Winds of change at Rotary
The COL (Council on Legislation) meet was held in Chicago in May, and many Rotary leaders have hailed it as a path-breaking one. As many as 180 proposals were discussed over the COL week and quite a few significant decisions were taken. That the RI dues for Rotarians will now go up by $4 a year for three years is a decision that is bound to cause some anxiety among Indian Rotarians. But then, as PRIP Raja Saboo put it at the COL, even though this was not a small amount in India, when he asked himself what Rotary had given him, he had to admit “Rotary has made me a better person.” And he couldn’t put a price on that! But more than the raising of RI dues, the lingo and the mood, as gauged, not from a snowing Chicago, but far away from a smouldering Chennai, was to usher in change. The RI leadership has finally decided to walk the talk; after endless debates on change — how to change, where to change, when to change, what to change — the COL has finally embraced change. And this change comes wrapped in a package of freedom and flexibility for the clubs. We’ve heard most senior Rotary leaders saying that “Rotary happens in the Clubs,” and not at the RI headquarters in Evanston. Well, now those clubs will be armed with the freedom to decide how often they meet, where they meet, what form or mode that meeting will take, but within the framework of at least two meetings a month.
Also, the stringent criteria on who can join a Rotary club have also been relaxed by Rotary’s legislative body; the earlier six criteria for membership have now been relaxed and replaced with the simple requirement that a person with good character, good reputation in the chosen profession and enthusiasm and willingness to serve the community can become a Rotarian. This is certainly bound to boost membership. Add to it the new rule that Rotaractors can now join Rotary clubs as ‘associate members,’ and the changing face of Rotary is amply evident.
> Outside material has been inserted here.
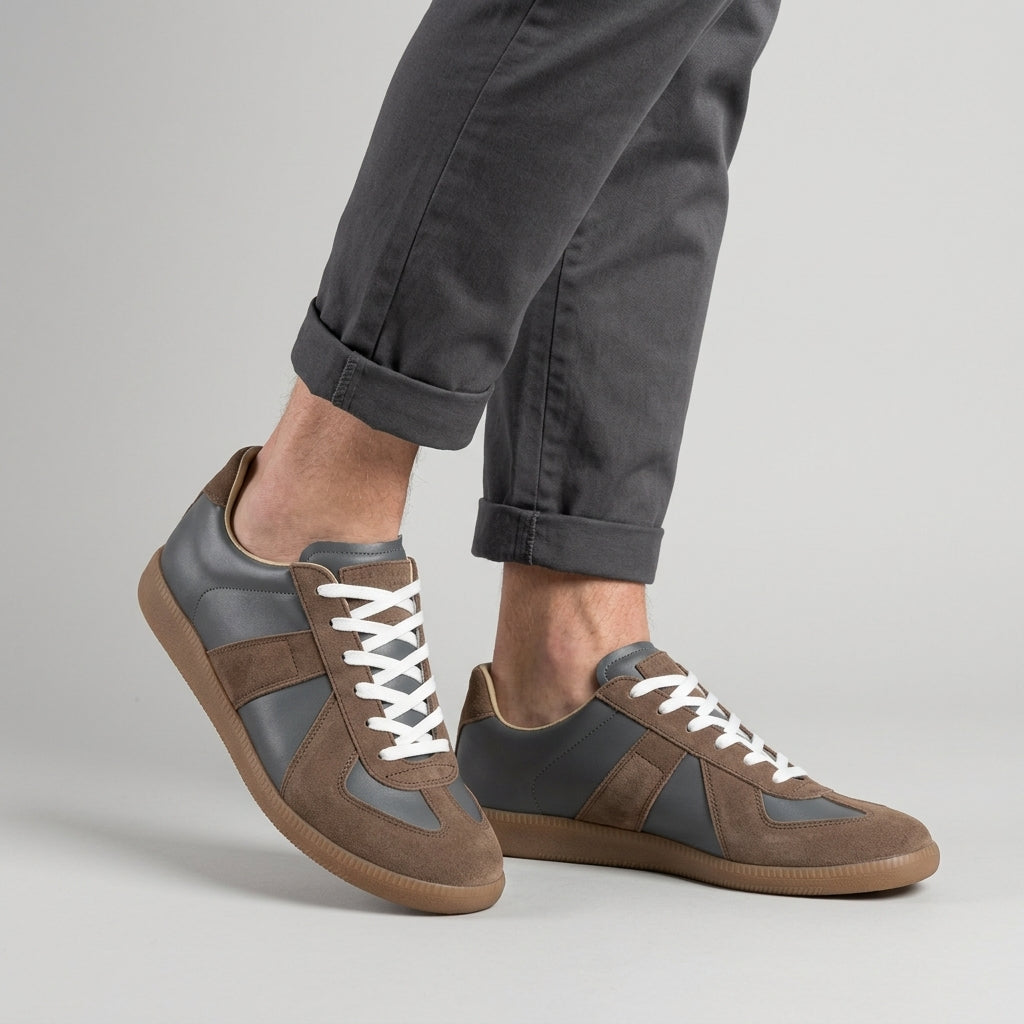 Men's Retro Low Top Lace Up Sneakers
The best news for us at the Rotary News Trust is the mandatory subscription to at least one Rotary magazine — either the regional magazine or The Rotarian — has been reinforced. Of course if there are more than one Rotarian living at the same address, then they can get only one magazine. But when we match our subscription data to the number of Rotarians in India, and the total subscription to The Rotarian — which by the way comes at a price tag of $24, compared to sub-$7 (Rs 420) for Rotary News — we find there are a few thousand Rotarians out there who are not subscribing to any magazine. This is a serious breach with consequences which the club will have to face. According to the rule book, if we bring this to RI’s notice the defaulting clubs can face a range of issues including inability to participate in district nominations and elections and even suspension. As the new Rotary year approaches, both outgoing and incoming Presidents will do well to ensure that their clubs are not defaulters in this area.
Beginning this month, we’ve started a new feature — Club Corner — where four good projects of different clubs will be featured.